Was in the Guinness book of records as the largest sign in the world.



Yep, visible on google maps. Satellite overlay, there's a diamond in the a few miles paddock nw of Caiguna

onetrack
25th Apr 2014, 13:30
I can remember the "Readymix" sign from 1969 and 1970, whilst flying back and forth over the Long Paddock in B707's.

The story behind the Readymix sign and the Readymix diamond logo, actually make a sizeable story. The full story is in the link below.

The diamond in the desert: the story of the giant Readymix logo on the Nullarbor. - Free Online Library (http://www.thefreelibrary.com/The+diamond+in+the+desert%3A+the+story+of+the+giant+Readymix +logo+on...-a0134292962)

The Readymix company was contracted to carry out quarrying works for hard rock aggregate for ballasting for the Transcontinental Railway - and for the construction, re-alignment and sealing of the Eyre Hwy, from Norseman to the W.A./S.A. border - starting in July 1964.

Shortly after commencing work, the Readymix bosses decided to install a large, highly visible Readymix company logo (a diamond shape with "Readymix" wording in the centre) in the soil just North of the 225 mile marker, almost halfway between Norseman and the W.A. border.

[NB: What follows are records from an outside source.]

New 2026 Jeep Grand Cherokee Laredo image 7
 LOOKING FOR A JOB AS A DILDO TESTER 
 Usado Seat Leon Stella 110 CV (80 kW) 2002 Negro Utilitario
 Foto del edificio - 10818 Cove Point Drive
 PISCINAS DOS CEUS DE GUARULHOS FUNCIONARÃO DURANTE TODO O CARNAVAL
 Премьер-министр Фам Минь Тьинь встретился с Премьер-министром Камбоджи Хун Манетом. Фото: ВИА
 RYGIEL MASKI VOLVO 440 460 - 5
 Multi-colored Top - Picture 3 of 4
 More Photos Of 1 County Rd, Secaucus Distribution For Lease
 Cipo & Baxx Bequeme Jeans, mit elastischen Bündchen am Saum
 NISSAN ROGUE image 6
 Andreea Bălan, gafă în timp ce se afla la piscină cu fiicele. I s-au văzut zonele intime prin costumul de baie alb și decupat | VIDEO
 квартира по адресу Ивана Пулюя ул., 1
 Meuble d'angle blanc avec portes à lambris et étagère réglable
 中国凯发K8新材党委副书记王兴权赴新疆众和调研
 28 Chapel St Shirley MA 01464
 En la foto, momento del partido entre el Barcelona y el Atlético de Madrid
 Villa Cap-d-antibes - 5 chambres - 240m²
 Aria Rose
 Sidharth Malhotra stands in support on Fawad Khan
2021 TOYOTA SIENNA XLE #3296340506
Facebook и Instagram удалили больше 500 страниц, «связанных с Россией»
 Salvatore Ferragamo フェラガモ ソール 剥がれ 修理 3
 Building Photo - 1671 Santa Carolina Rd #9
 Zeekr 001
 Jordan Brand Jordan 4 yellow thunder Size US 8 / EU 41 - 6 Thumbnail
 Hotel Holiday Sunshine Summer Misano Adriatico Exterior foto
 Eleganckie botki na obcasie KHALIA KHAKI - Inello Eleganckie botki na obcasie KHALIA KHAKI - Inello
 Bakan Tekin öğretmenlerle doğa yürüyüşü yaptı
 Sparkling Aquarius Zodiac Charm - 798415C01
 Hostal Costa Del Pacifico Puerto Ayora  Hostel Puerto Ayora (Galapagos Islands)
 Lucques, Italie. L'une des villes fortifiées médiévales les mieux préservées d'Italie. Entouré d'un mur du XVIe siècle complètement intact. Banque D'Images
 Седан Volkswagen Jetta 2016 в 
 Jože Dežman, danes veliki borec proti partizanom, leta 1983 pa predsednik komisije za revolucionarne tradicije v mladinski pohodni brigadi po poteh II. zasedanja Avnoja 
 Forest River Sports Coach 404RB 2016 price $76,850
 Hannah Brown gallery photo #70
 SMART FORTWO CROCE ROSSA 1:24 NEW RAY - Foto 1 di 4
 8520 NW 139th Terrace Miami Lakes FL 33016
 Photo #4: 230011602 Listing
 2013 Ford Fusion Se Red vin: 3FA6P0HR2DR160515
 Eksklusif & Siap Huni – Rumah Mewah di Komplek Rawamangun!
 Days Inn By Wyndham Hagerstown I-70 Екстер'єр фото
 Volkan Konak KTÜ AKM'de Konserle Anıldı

As Readymix regularly used light aircraft for urgent parts supply, and for transport of senior executives who regularly visited work sites, the diamond section of the Readymix logo was claimed by Readymix to be intended primarily as a dual-direction unsealed airstrip for light aircraft.
However, it appears the graded logo area was never registered as an airstrip, nor does it appear it was ever used as such.
It's been suggested the primary aim of the name and logo was just for Readymix advertising purposes.
Readymix did construct several other airstrips along the Eyre Hwy, that were utilised as airstrips.

This logo and the Readymix wording was constructed over a weekend by Allan Hoare, a MRDWA grader driver. Allan peeled back the low vegetation and thin topsoil with the grader moldboard, to expose the bright white underlying limestone rock - thus creating a highly visible aerial landmark.
This work was done, typical of that era, without reference to, or approval of, any Govt authority.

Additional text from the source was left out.